▸ RAW DATA
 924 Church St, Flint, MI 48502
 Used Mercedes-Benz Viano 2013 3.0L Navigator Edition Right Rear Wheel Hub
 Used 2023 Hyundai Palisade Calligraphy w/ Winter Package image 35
...
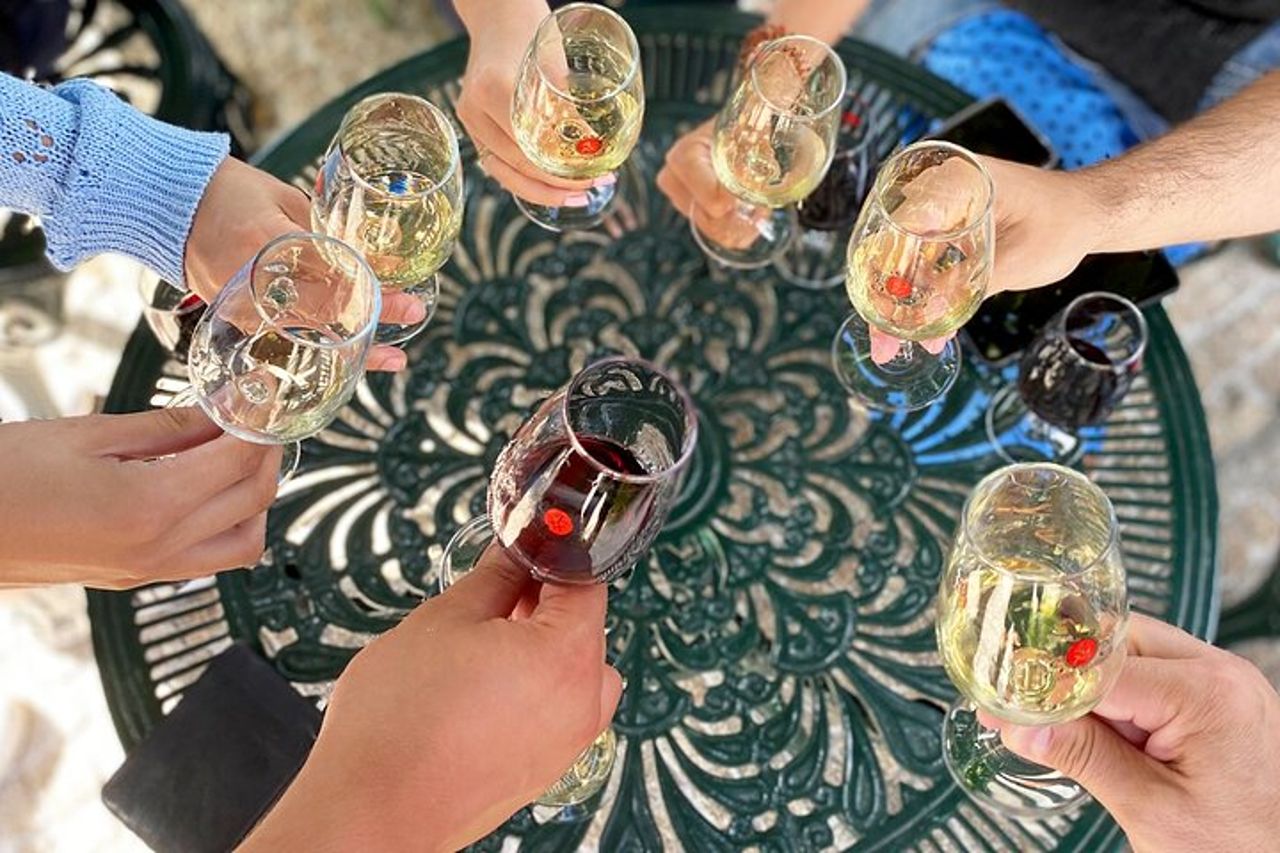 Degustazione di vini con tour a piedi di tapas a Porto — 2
...
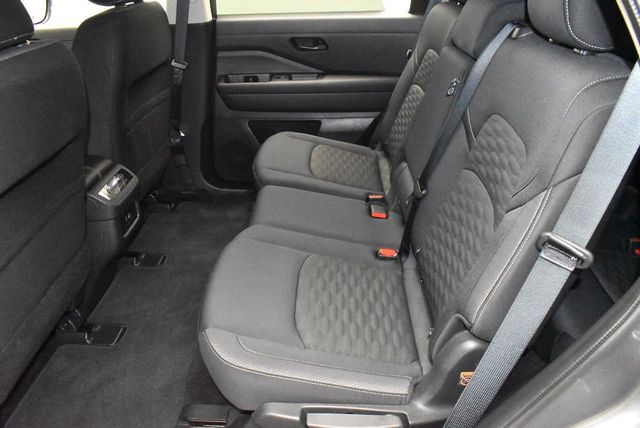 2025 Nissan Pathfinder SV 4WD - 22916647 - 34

▸ WHAT YOU ARE ASKED TO DO
From the material above, copy exactly the lines between the line holding "Used Mercedes-Benz Viano" and the line holding "Used 2023 Hyundai", inclusive, and only those.

▸ THE ANSWER
 Used Mercedes-Benz Viano 2013 3.0L Navigator Edition Right Rear Wheel Hub
 Used 2023 Hyundai Palisade Calligraphy w/ Winter Package image 35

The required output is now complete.